4- E infine perché non lo vogliamo accettare: l’Italia si sveglia, non vuole più far finta di non sentire, non vuole più arrendersi di fronte a questo sistema castista che le ruba fino all’ultimo euro in tasca per finanziare interessi privati di un’elite o interessi comunque oscuri. Immaginate chi pagherà se l’Europa chiede indietro il suo finanziamento Why Not.
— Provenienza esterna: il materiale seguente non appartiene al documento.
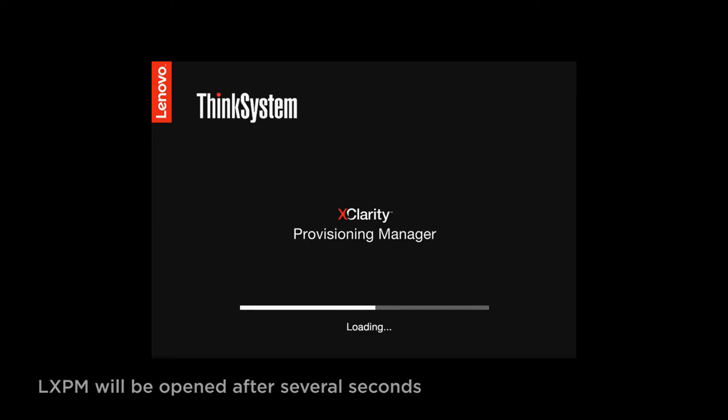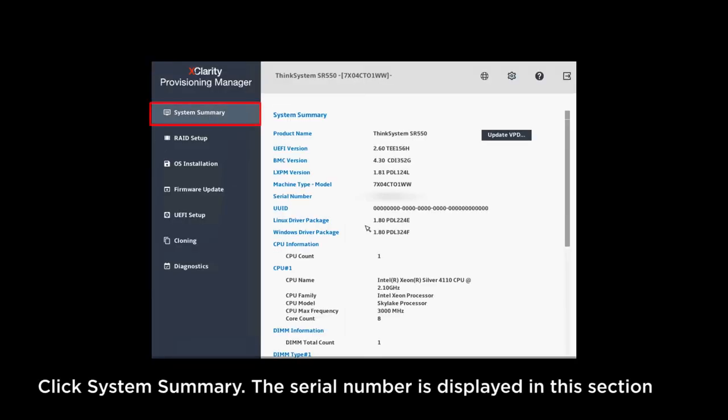LXPM will be opened after several seconds. Click System Summary. The serial number is displayed in this section.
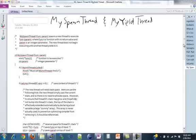Hey guys, now that you all have a very good understanding of what setjmp and longjmp do, I'm going to go through what my spawn thread and my yield thread are doing right now in the given code. This is just a copy of the code that's in mythreads.c or mythreads1.c — this is the given code.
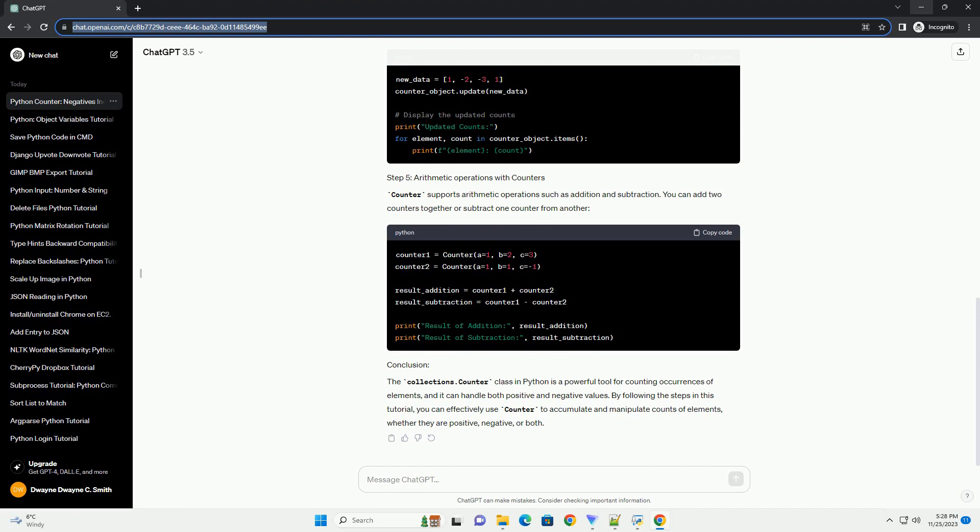This example will use a list containing both positive and negative values. You can access the counts of individual elements using square bracket notation.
La scadenza del 17/12/07 ci da una nuova occasione di farci sentire e di ricordare all’apparato di Stato che il suo datore di lavoro è il Popolo Italiano e non il contrario. Perciò il gruppo Italia dei Valori di Grugliasco (TO) sta ancora procedendo alla raccolta di firme a sostegno del PM De Magistris pregando il Presidente della Repubblica, Garante della Costituzione e della Democrazia, di ripristinare una situazione anomala nella sua qualità di Presidente del Consiglio della Magistratura. Inoltre, ribadiamo che il Ministro in questione dovrebbe presentare spontaneamente le sue dimissioni fino a quando non sia stato assolto in via definitiva e senza ricattare il governo circa i suoi voti. Per esempio in Francia, il Ministro Dominique Strauss Khan si era dimesso perché indagato, è stato assolto, e oggi è il Presidente del Fondo Monetario Internazionale.

Altro che “acqua passata”, quest’acqua non passerà. Noi non molleremo un caso come questo.

E siamo sicuri neanche voi. Firmate! Per ripristinare l’Etica e la Giustizia nel nostro Paese.
Per dare la Vostra firma a sostegno della GIUSTIZIA, ci troverete ogni sabato al mercato.